**Assignment**
Omit the pictures and print exactly the lines of the listing below, starting at the first and ending at the line containing "Прахосмукачка Rowenta Compact Power Cyclonic".

*** Input material ***

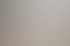Vertragsunterzeichnung: Person überreicht Stift für Unterschrift auf Dokument.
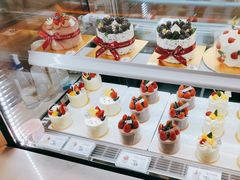 -花花卷卷·鲜食蛋糕(静安久光百货店)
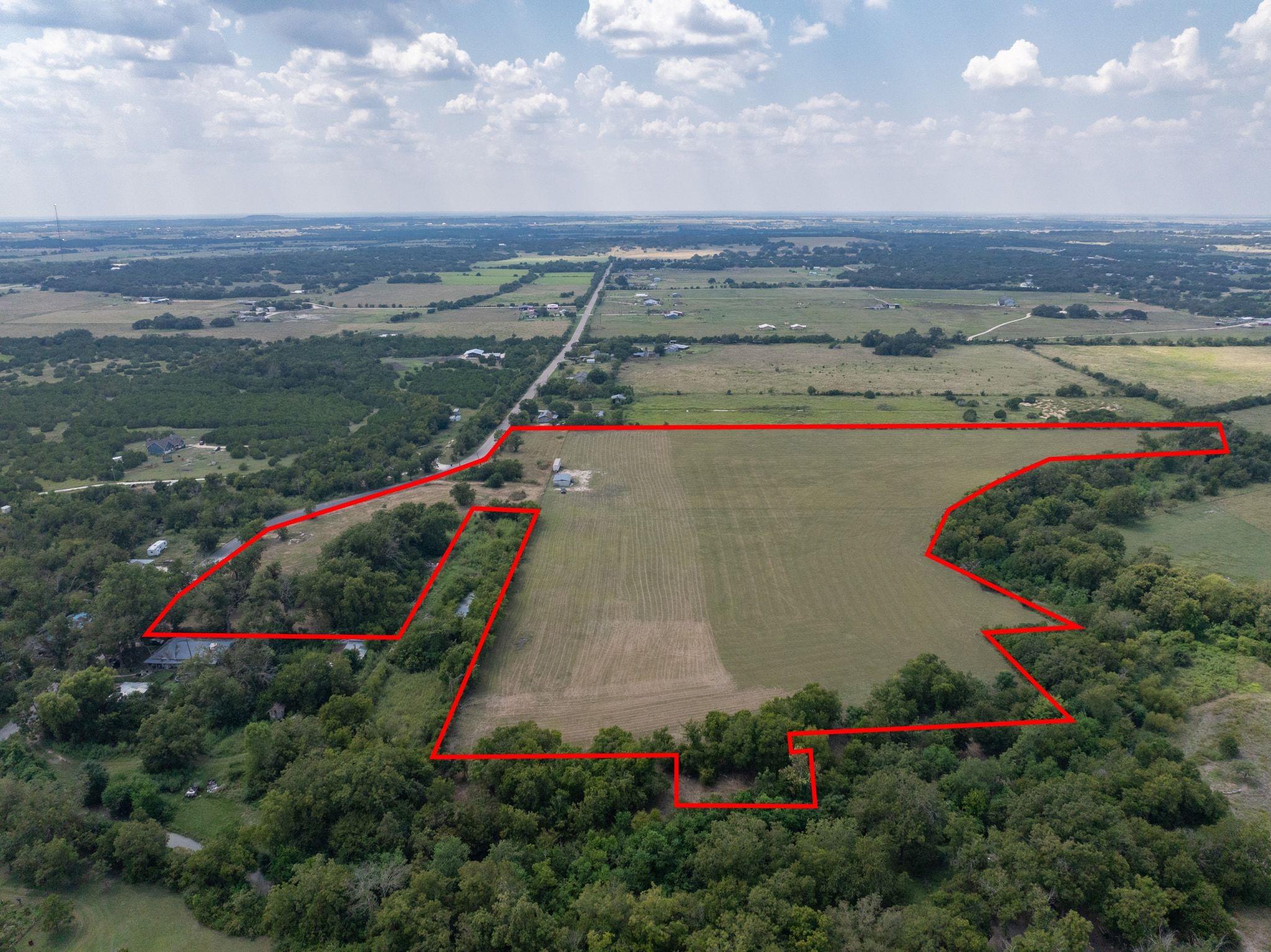 310 W Main St, Florence, TX 76527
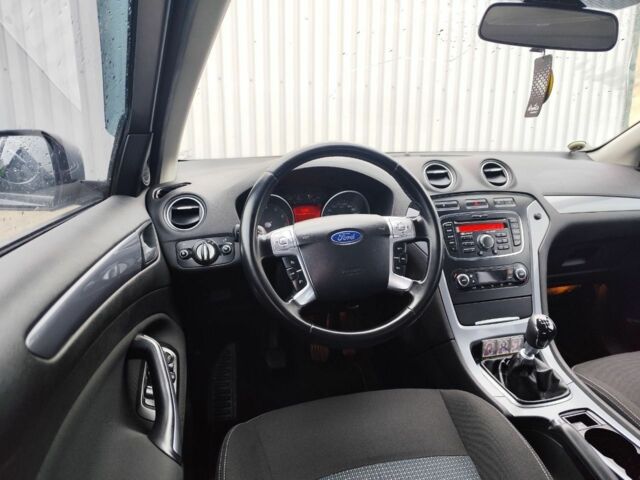 Сірий Форд Мондео, об'ємом двигуна 1.6 л та пробігом 219 тис. км за 6500 $, фото 19 на Automoto.ua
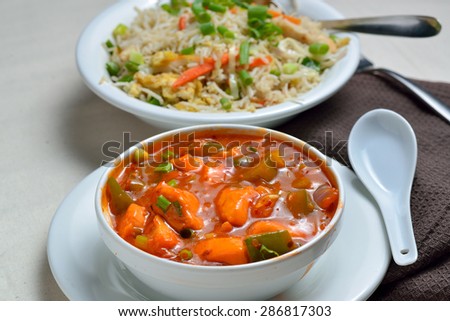 Fried rice with chicken curry
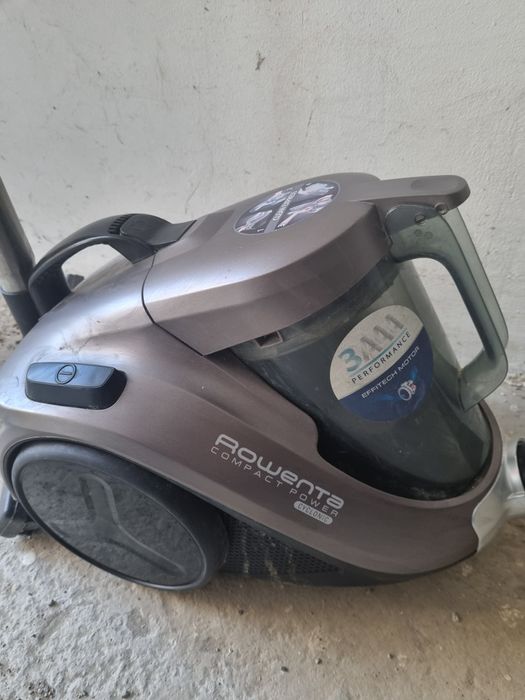 Прахосмукачка Rowenta Compact Power Cyclonic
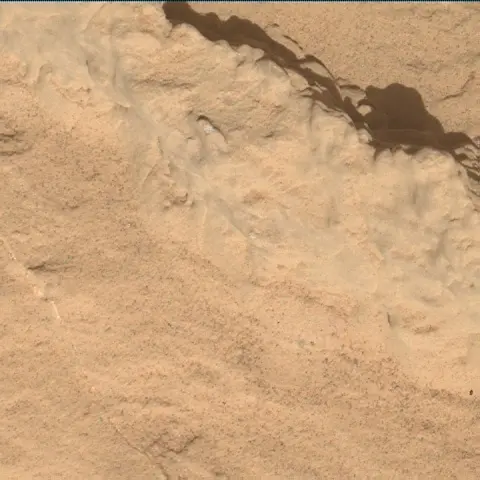 Sol 4532: Mars Hand Lens Imager (MAHLI)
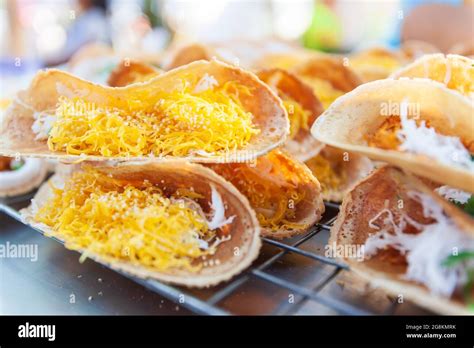 Snack khanom hi-res stock photography and images - Alamy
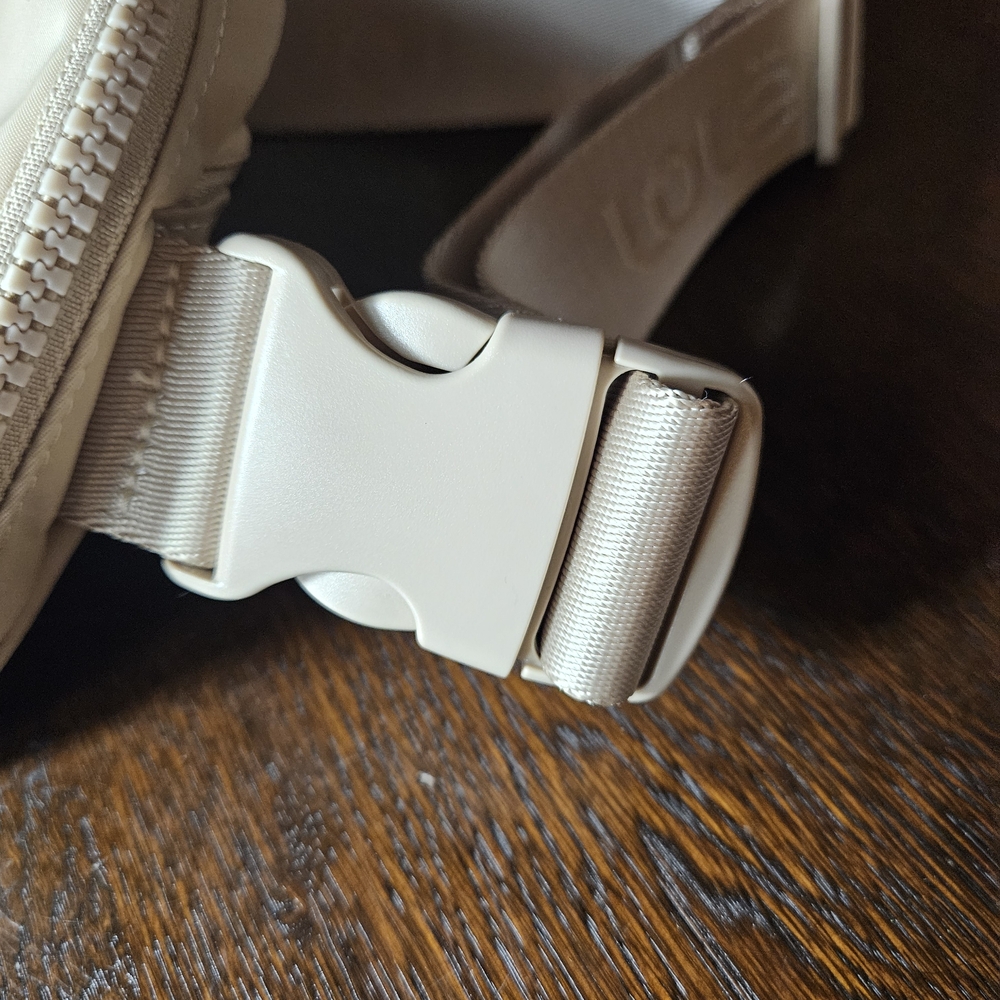 Cream Crossbody Bag - Picture 5 of 11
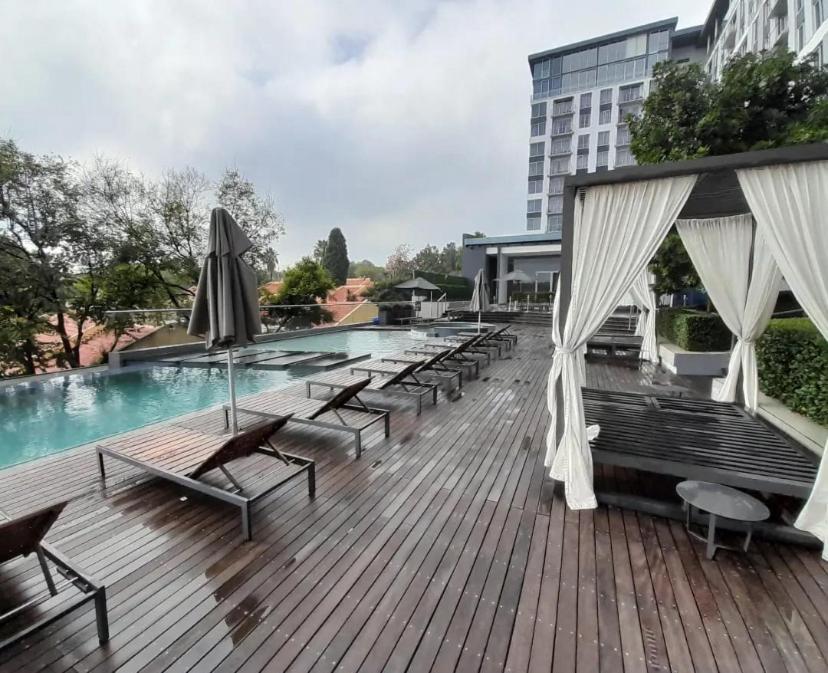 Hotel Apartment In Sandton Private Unit Johannesburg Exterior foto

*** End of Input material ***

**Result of the exercise**
Vertragsunterzeichnung: Person überreicht Stift für Unterschrift auf Dokument.
 -花花卷卷·鲜食蛋糕(静安久光百货店)
 310 W Main St, Florence, TX 76527
 Сірий Форд Мондео, об'ємом двигуна 1.6 л та пробігом 219 тис. км за 6500 $, фото 19 на Automoto.ua
 Fried rice with chicken curry
 Прахосмукачка Rowenta Compact Power Cyclonic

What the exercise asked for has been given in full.